# Model Train Layout ABC's



## calirider (Oct 13, 2009)

Is there a thread somewhere on here that gives the ABC's of modeling. I see most people put track down first but I was thinking something different. I was going to build as big of a table I can fit and then draw where I want my track, yard, buildings, rivers, etc to go. Then paint it, then lay the track. Does this make sense? Why do most people lay the track down first?

Thanks


----------



## calirider (Oct 13, 2009)

Wow, don't know why I did not check Beginner Q & A first. Haha sorry


----------



## tankist (Jun 11, 2009)

your plan sounds reasonable.

i layed the track down first because i was simply itching to run my new train after over 20 years of break. then i removed it. pulled the table at proper hight and reassembled. then i removed it again, glued 2" insulation foam sheet and put rails again. only then after i quenched the initial desire to see train ran around in circle i removed the track and started on my landscape.


----------



## calirider (Oct 13, 2009)

Haha, I will most likely do the same thing when time comes. I want to run them already and I am still a couple years away from having my shop that I want to put my layout in.


----------



## tworail (Apr 13, 2006)

My advice is to a) get a copy of Anyrail and b) have something temporary set up or semi-permanent that you can play with when you are bored of doing track planning logistics 

Also put together a list of what you would LIKE to have in your layout. For example, when I do a HO layout I would like:

shadow station for 3-4 trains
multi-train control, automation of passenger service
mountainous terrain allowing for good photo opportunities
parade track
loco service
station large enough to hold 3-4 trains
various industries like sawmill, freight station
small town/city
bridges

etc etc

However it took me a couple years of looking at various plans, other layouts and ideas before I really knew what I wanted. 

Here is a plan I came up with that was based on a plan from Marklin Magzine. This is fairly comphrensive and would cost an arm and a leg to complete, so this won't be happening anytime soon. BUT I had alot of fun just doing the plan and working on all the problems with it.


----------



## Big Ed (Jun 16, 2009)

That's a great looking plan. HO?
What are the rough dimensions?


----------



## tworail (Apr 13, 2006)

big ed said:


> That's a great looking plan. HO?
> What are the rough dimensions?


About 12x16 or so but that would be the minimum.


----------



## Reckers (Oct 11, 2009)

tankist said:


> your plan sounds reasonable.
> 
> i layed the track down first because i was simply itching to run my new train after over 20 years of break. then i removed it. pulled the table at proper hight and reassembled. then i removed it again, glued 2" insulation foam sheet and put rails again. only then after i quenched the initial desire to see train ran around in circle i removed the track and started on my landscape.
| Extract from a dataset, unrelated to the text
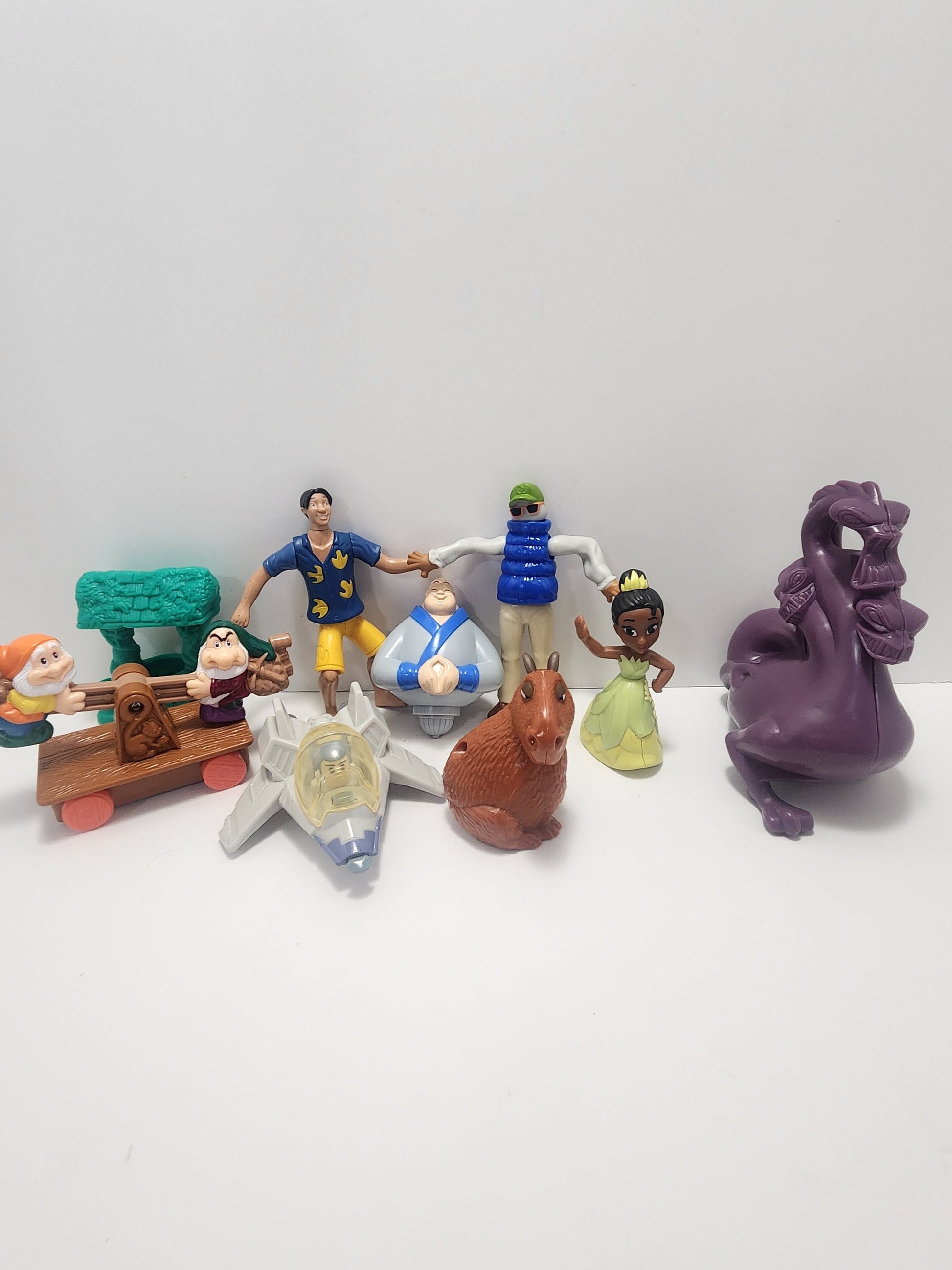 Disney Random Toy Lot - Disney - Disney Toys - Onward Toys - Hercules Toys - Disney Princess - Mystery Toys - Grab Bag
Why the foam sheet? Sound dampener?


----------



## tankist (Jun 11, 2009)

Reckers said:


> Why the foam sheet? Sound dampener?


thats one of the reasons. it is much better then direct on plywood. the corck roadbed helps further. 
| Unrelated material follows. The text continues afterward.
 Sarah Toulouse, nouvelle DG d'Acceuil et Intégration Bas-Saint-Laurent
primary reason however is the ability to "sculpture",it give it shape. now i can excavate up to 2" depth for river/pond or other terrain features, etc. it allowed me to lower the underpassing loop to gain enough clearance and still have operable grade on the climb


----------



## tworail (Apr 13, 2006)

Foam is great for the reasons tankist mentioned above. You can buy foam sculptor from any hardware store, as well as a hot knife - which is basically a thin metal knife that is 'hot' so you can cut through it like butter.


----------